WHAT TO WORK ON — Produce the records below again, word for word, but stop after the line that contains "Double Vision (Extended".
### SOURCE DATA ###
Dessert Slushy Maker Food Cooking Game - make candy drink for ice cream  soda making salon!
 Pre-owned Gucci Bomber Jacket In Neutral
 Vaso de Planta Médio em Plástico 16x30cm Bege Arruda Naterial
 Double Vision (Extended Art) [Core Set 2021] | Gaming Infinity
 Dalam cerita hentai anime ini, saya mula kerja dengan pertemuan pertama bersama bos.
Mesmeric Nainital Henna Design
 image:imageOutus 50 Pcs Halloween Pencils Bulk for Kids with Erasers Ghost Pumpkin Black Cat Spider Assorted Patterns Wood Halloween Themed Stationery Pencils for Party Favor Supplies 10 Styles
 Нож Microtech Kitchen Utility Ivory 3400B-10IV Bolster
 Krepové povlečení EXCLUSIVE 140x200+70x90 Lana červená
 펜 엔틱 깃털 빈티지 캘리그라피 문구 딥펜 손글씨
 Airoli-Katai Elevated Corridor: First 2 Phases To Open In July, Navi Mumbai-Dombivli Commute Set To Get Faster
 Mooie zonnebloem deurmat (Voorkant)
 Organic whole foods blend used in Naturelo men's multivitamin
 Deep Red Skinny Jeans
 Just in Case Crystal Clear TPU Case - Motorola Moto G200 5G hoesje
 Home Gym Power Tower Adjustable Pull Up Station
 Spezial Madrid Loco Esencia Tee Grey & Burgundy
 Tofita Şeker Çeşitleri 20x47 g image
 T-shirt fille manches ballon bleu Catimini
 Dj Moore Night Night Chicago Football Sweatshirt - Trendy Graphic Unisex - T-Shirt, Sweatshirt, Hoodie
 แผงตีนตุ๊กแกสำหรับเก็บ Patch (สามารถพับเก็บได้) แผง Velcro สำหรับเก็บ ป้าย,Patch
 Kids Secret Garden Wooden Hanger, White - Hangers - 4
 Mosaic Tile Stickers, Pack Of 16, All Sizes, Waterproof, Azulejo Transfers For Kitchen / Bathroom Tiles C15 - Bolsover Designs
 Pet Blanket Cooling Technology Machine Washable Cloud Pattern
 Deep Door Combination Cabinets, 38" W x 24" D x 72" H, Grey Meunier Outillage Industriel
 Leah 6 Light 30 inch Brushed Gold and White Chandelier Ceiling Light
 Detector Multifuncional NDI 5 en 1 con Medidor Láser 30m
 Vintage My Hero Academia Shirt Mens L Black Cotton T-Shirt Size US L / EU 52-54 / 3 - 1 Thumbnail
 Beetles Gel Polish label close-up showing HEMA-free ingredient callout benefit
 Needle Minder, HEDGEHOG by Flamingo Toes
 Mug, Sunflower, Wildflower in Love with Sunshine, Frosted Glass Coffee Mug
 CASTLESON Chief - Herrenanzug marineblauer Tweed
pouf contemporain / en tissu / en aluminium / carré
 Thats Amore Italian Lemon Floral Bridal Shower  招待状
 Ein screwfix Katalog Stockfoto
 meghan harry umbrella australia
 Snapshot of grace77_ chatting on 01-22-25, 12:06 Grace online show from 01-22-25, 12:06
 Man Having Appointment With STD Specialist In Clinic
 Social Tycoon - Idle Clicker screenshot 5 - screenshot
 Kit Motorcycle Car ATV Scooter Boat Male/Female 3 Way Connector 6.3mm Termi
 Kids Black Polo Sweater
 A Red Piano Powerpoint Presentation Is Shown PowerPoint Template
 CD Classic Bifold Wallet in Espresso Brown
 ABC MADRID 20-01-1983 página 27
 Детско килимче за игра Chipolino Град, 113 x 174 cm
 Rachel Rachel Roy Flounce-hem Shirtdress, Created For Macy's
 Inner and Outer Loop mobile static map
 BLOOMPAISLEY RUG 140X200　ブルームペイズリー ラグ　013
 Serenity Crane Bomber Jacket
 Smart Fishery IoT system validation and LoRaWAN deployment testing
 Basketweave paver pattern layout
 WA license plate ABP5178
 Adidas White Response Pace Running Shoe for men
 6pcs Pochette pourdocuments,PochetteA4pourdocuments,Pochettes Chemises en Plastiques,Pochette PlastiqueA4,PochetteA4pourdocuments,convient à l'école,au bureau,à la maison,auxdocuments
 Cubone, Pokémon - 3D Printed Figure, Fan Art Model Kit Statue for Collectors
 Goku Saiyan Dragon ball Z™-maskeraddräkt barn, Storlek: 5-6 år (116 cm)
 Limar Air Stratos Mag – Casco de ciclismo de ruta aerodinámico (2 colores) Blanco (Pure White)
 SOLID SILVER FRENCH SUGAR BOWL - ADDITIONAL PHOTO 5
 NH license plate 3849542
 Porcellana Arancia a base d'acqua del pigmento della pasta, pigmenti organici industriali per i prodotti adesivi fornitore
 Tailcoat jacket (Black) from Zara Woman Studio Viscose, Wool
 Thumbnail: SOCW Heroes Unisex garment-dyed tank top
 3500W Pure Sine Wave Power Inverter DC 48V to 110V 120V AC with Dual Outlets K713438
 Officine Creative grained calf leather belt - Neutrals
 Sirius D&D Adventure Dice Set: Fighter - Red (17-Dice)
###
RESPONSE BOX —
Dessert Slushy Maker Food Cooking Game - make candy drink for ice cream  soda making salon!
 Pre-owned Gucci Bomber Jacket In Neutral
 Vaso de Planta Médio em Plástico 16x30cm Bege Arruda Naterial
 Double Vision (Extended Art) [Core Set 2021] | Gaming Infinity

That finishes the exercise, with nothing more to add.